Today we saw a very different performance: Theresa May's speech (here, from 25.00) largely blamed her party's members and Parliament (not unreasonably) for her inability to pass Britain's EU Withdrawal legislation. She ended by rushing back into the house in tears, overcome by emotion.
It would take someone with a heart of stone not to experience even a second's empathy and sorrow for the suffering she's clearly undergone in recent months.
Luckily, I am that person. My boundless reserves of human kindness were exhausted a few minutes into her speech when she dared to invoke the name of Sir Nicholas Winton (whom I knew passingly through fencing circles) in defence of her actions.
For many years the great humanitarian Sir Nicholas Winton – who saved the lives of hundreds of children by arranging their evacuation from Nazi-occupied Czechoslovakia through the Kindertransport – was my constituent in Maidenhead. At another time of political controversy, a few years before his death, he took me to one side at a local event and gave me a piece of advice. He said, ‘Never forget that compromise is not a dirty word. Life depends on compromise.’ He was right.
Theresa May sent vans round the streets bearing the message 'Go Home', split up British-Caribbean families seemingly on a whim and made sure that Lord Dubs amendment designed to rescue unaccompanied refugee children from squalid abandonment in the Calais camps was abolished after a pathetic 350 kids were saved.

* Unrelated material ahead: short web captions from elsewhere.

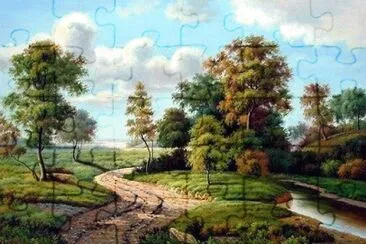 Tela jigsaw puzzle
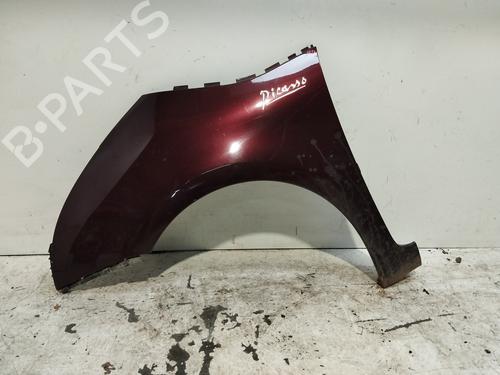 Used Left front fenders CITROËN C4 Grand Picasso I (UA_) 1.6 HDi (109 hp) 24444039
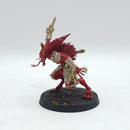 Warhammer Age of Sigmar: Blades of Khorne Bloodmaster - Painted (AA230)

I dread to think who will replace her, but she shouldn't be allowed to slip away with dignity: this was a vicious, self-serving and hypocritical attempt to gild a rotten lily.
1 comment:
Couldn't agree more. We should not forget all the damage she did even before she moved into No 10, when as Home Secretary, she created, with malice and determination, the 'hostile environment' that has meant suffering for so many people and a steep increase in xenophobic attacks.